Waves we couldn’t find
We travelled the coast south, from one Brazilian town to another. After the inspiring events at Ilha do Mel, not only she wanted to get into the water, I also wondered about a board to ride. Our minds shifted from ‘let’s see what we can get in this town’ to ‘let’s go to the beach to see the waves’. This is a huge step, a step in a surfer life, I thought.
From these days we never rested to hasten to the water front. Sometimes it was pure disappointment, a flat sea, a nothing, a fart of the sea birds. This is the Atlantic Ocean, I argued, how can this be? We wondered, and didn’t understand anything.
Frustration grew as we continued our journey and still never made it into the waves.
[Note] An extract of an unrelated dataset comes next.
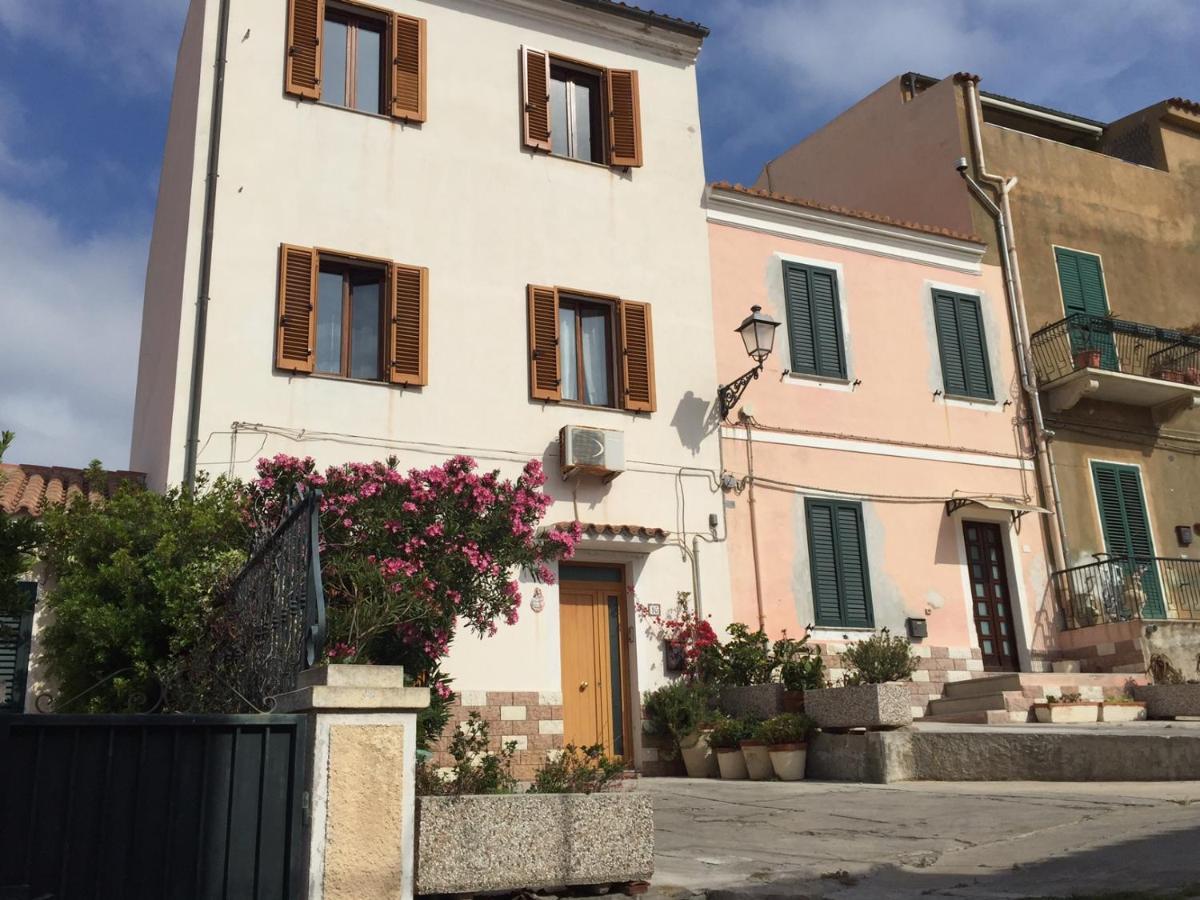 Bed and Breakfast Le Scalette à La Maddalena  Extérieur photo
Is this destiny? Are we looking at the wrong spots? Or just bad luck? No. We needed some patience, and when we reached the Urguayan border at Chuy, the sea was a beast. Big waves crashed one into an other, grumbling, cracking in a wild scene and strong winds. They grew in a second to 2 meter height, smashing all their volume right immediately and vertically into the struck sand.
The scene was so impressive that we forgot about surfing completely. We took a sheltered seat in the dunes and followed the spectacle. It was a secure place in a bizzare and somehow brutal show, and for us a surf would have been a suizide mission. Instead we left the place after an hour and headed back to the bus stop. On the way we discovered our favourite restaurant for the next days and ordered a typical plate of milanesa, for 2 bucs. That was just fair for the day and we returned despite the wild sea for several days to the beach.
Our journey continued, and the day would come when we both can hire our first surf boards for more than standing at the beach. We entered now Uruguay with big hopes.